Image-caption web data

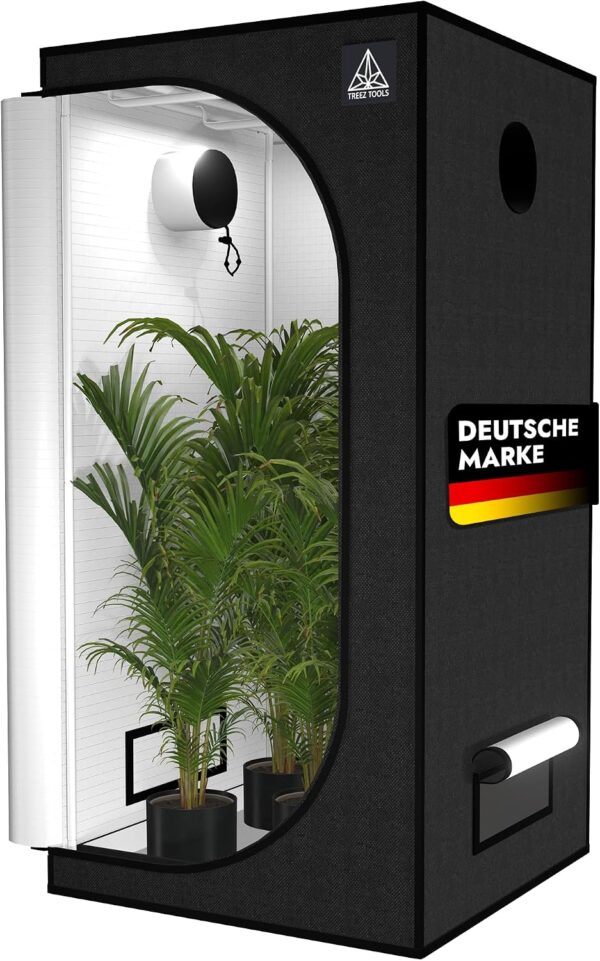Treez Tools Growzelt S 80 x 80 x 180 cm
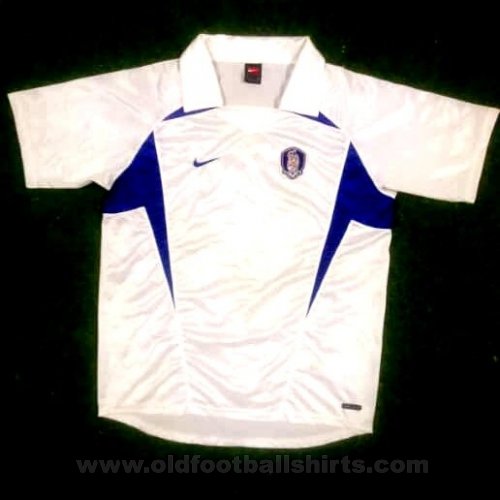 South Korea Third football shirt 2002 - 2003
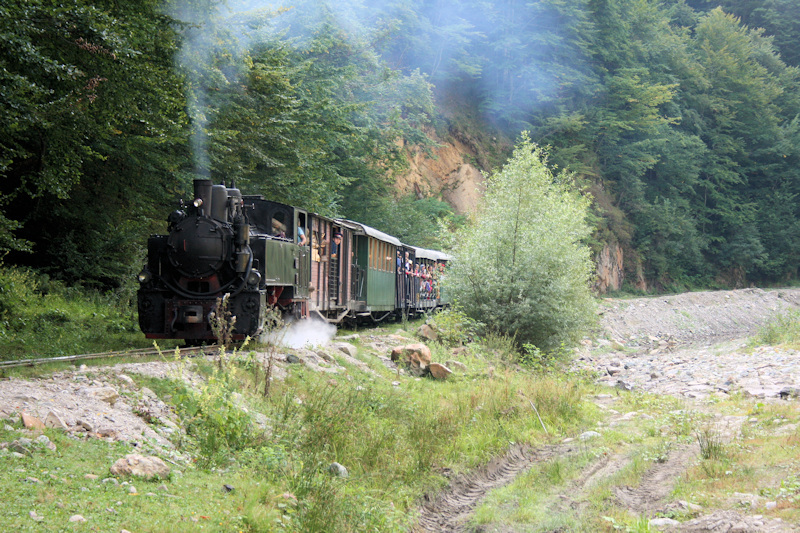 Die Wassertalbahn (Mocănița) 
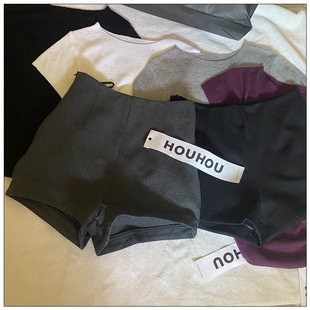 显瘦热裤 日常简约休闲百搭修身 包臀小短裤 质感基础款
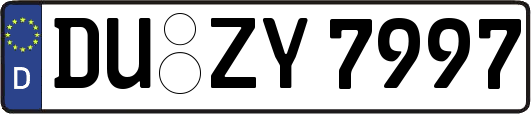 DU-ZY7997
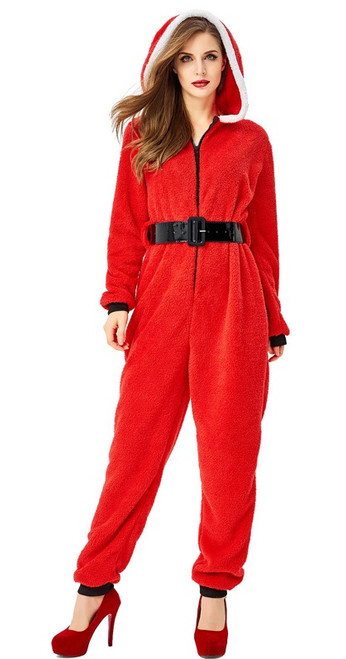 Costume Mère Noël pour Femmes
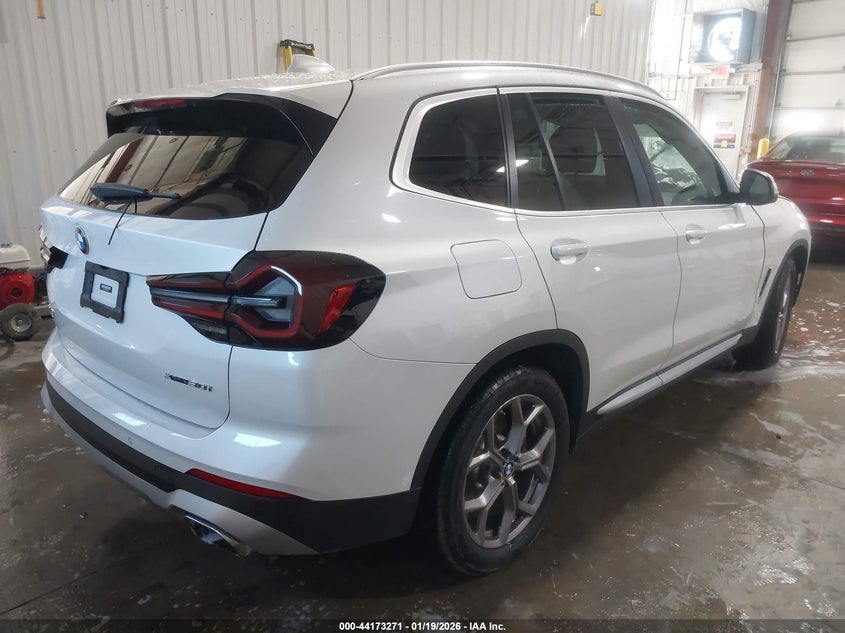 2022 BMW X3
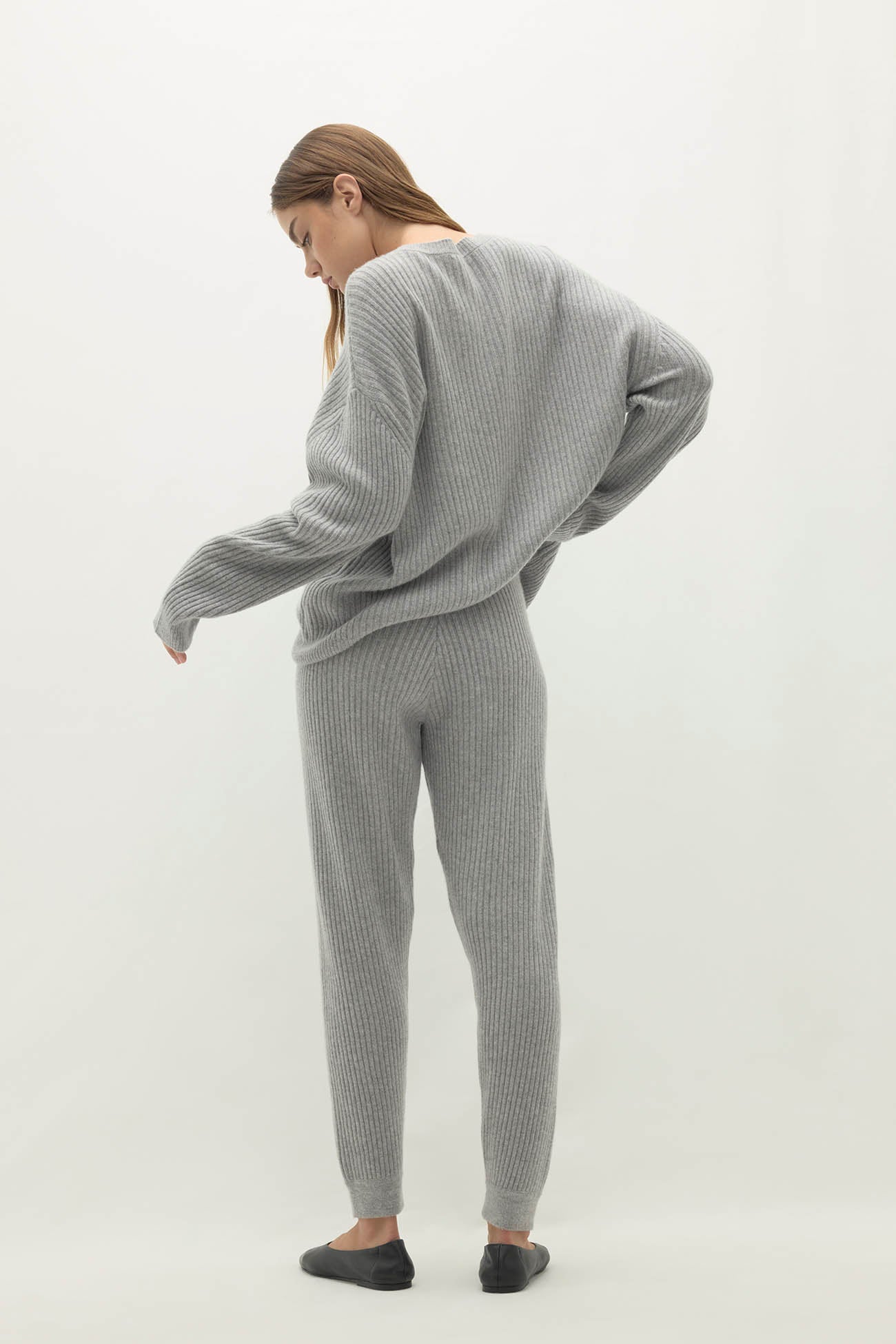 HEIDI RIBBED JOGGER PANT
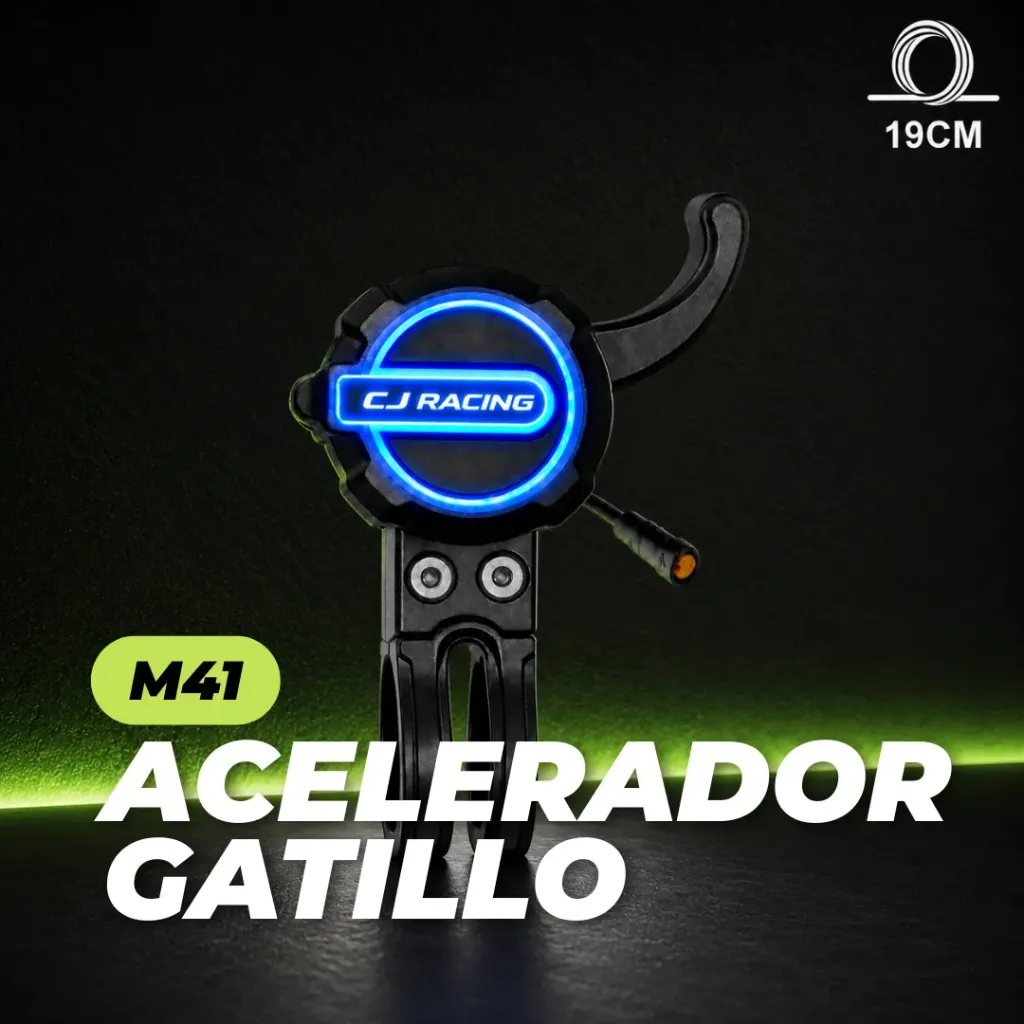 Acelerador de gatillo para Ecoxtrem M41 Tank / Armored – CJ Racing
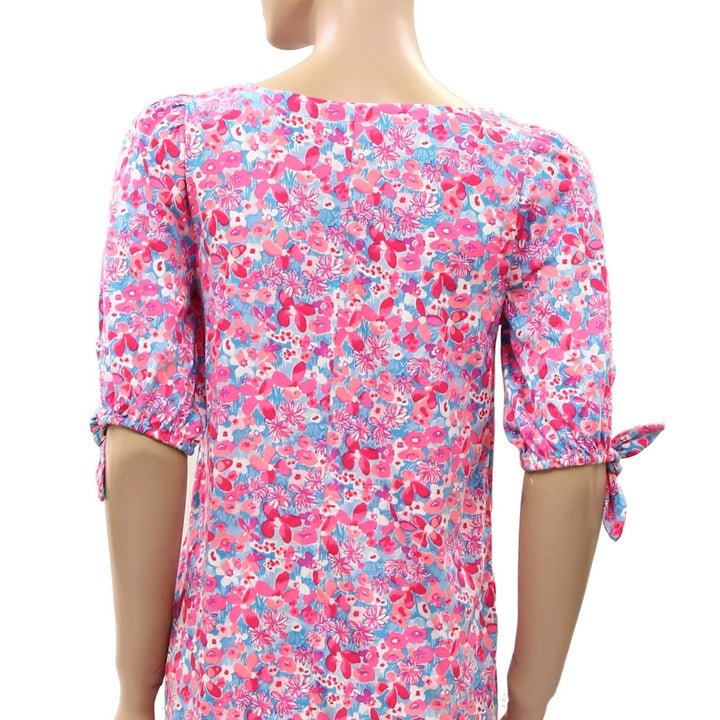 Lilly Pulitzer Easley Short Sleeve Mini Dress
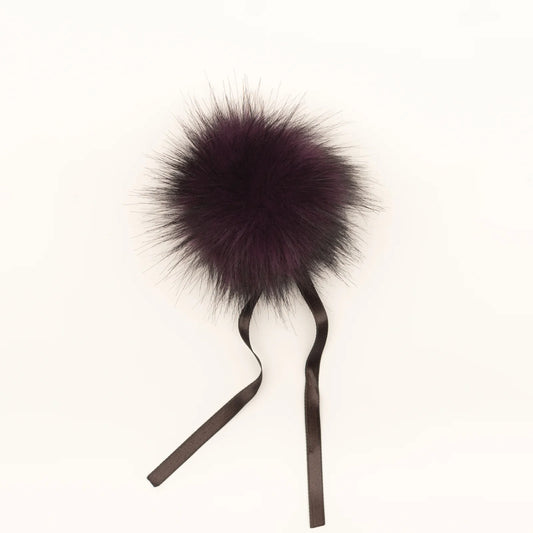 Ikigai Fiber-Faux Fur Pom-Pom, 15cm-pompoms-gather here online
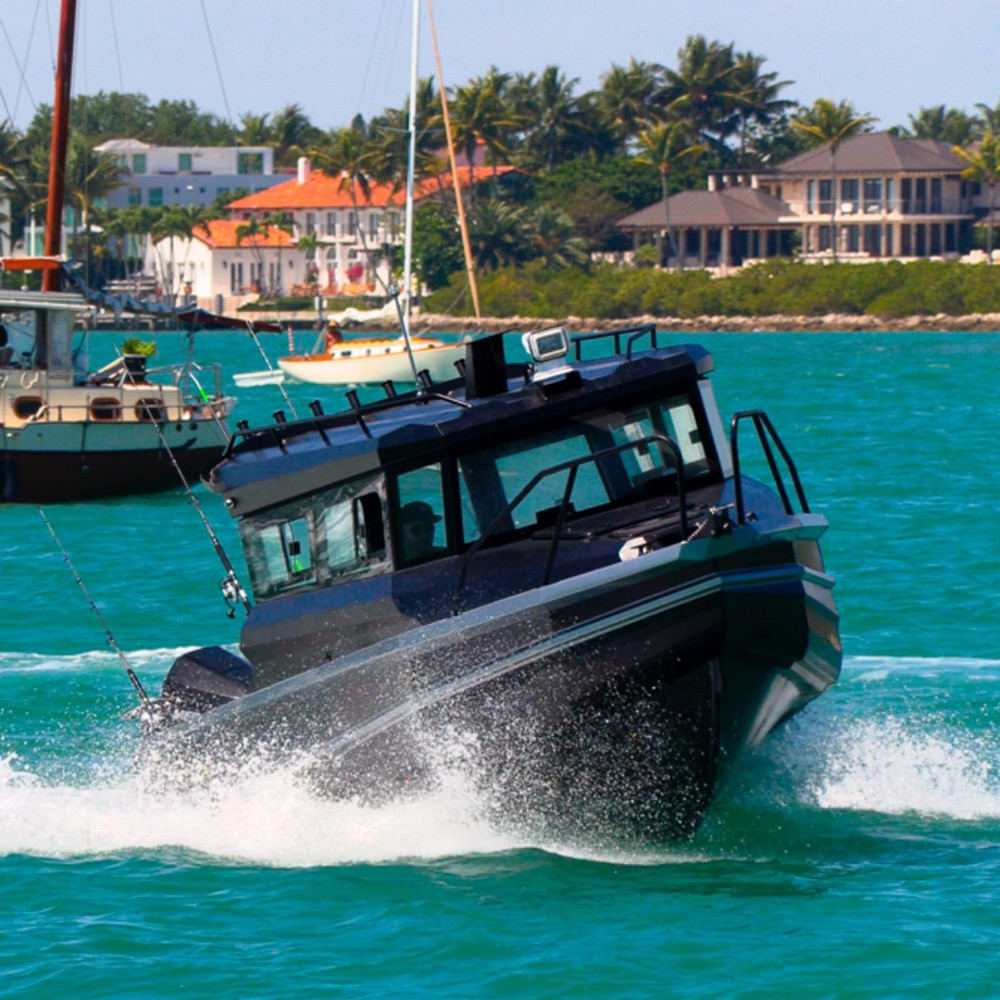 Fishing Boat 18ft Aluminum wit - Fishing Boat Trailer 评论和价格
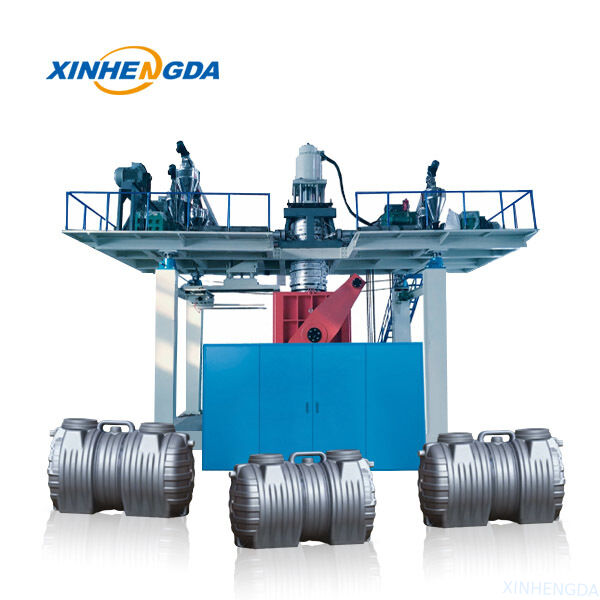 10000L Water Tank 3-6 Layer Co-extrusion Accumulator Molding Equipment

_Task item_
Would you return the data above exactly as written, minus the images?

_Exercise output_
Treez Tools Growzelt S 80 x 80 x 180 cm
 South Korea Third football shirt 2002 - 2003
 Die Wassertalbahn (Mocănița) 
 显瘦热裤 日常简约休闲百搭修身 包臀小短裤 质感基础款
 DU-ZY7997
 Costume Mère Noël pour Femmes
 2022 BMW X3
 HEIDI RIBBED JOGGER PANT
 Acelerador de gatillo para Ecoxtrem M41 Tank / Armored – CJ Racing
 Lilly Pulitzer Easley Short Sleeve Mini Dress
 Ikigai Fiber-Faux Fur Pom-Pom, 15cm-pompoms-gather here online
 Fishing Boat 18ft Aluminum wit - Fishing Boat Trailer 评论和价格
 10000L Water Tank 3-6 Layer Co-extrusion Accumulator Molding Equipment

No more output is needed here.